Após a morte da jovem, o IFF suspendeu o salário de quase R$ 20 mil de Diogo.
A delegada responsável pelo caso, Nathália Patrão, disse que as investigações mostram que Diogo tentou criar um álibe, indo para o Instituto Federal Fluminense em dias e horários que ele não tinha a obrigação de estar lá. Com um comportamento no mínimo diferente do habitual, as provas se tornam cada dia mais evidentes de que Nadai foi o responsável por mandar matar Letycia.

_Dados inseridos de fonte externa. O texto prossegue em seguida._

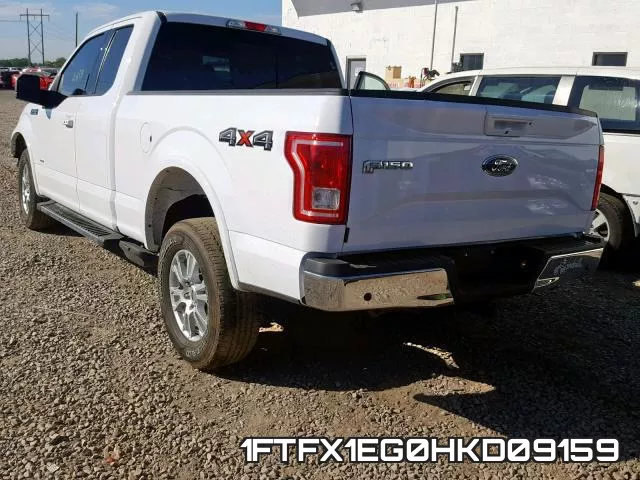 1FTFX1EG0HKD09159 фото 4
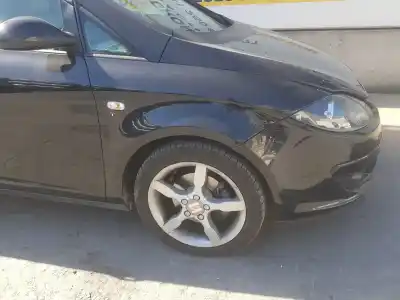 Veicolo di demolizione seat altea 2.0 tdi dell'anno 2007 alimentato bkd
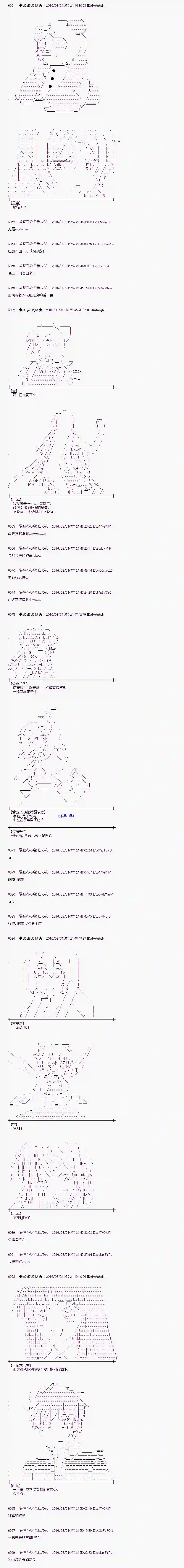 爱丽丝似乎要在电脑世界生活下去第76话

Em depoimento, Cintia, mãe da vítima, contou que Diogo foi carinhoso com a vítima no dia do crime. “Na quinta, ela que acordou o Diogo e ele foi até a geladeira, pegou o bolo que estava no pote e quis dar um pedaço na boca dela. Ela disse que não queria, ele insistiu e ela aceitou. Depois, ele pegou outro pedaço e insistiu novamente para ela comer: ‘esse é do Hugo’, disse ele. Só no terceiro pedaço que ele foi comer”, relata.
A delegada também comentou sobre como as testemunhas ouvidas relataram como foi o comportamento do professor no dia em que aconteceu o assassinato: “No dia do crime ele chegou atrasado, não demonstrou abalo emocional, pegou a chave no armário e estava apressado para sair”, comentou.
Além do professor, outras quatro pessoas estão presas. A ocorrência segue sendo investigada na Delegacia do Centro de Campos.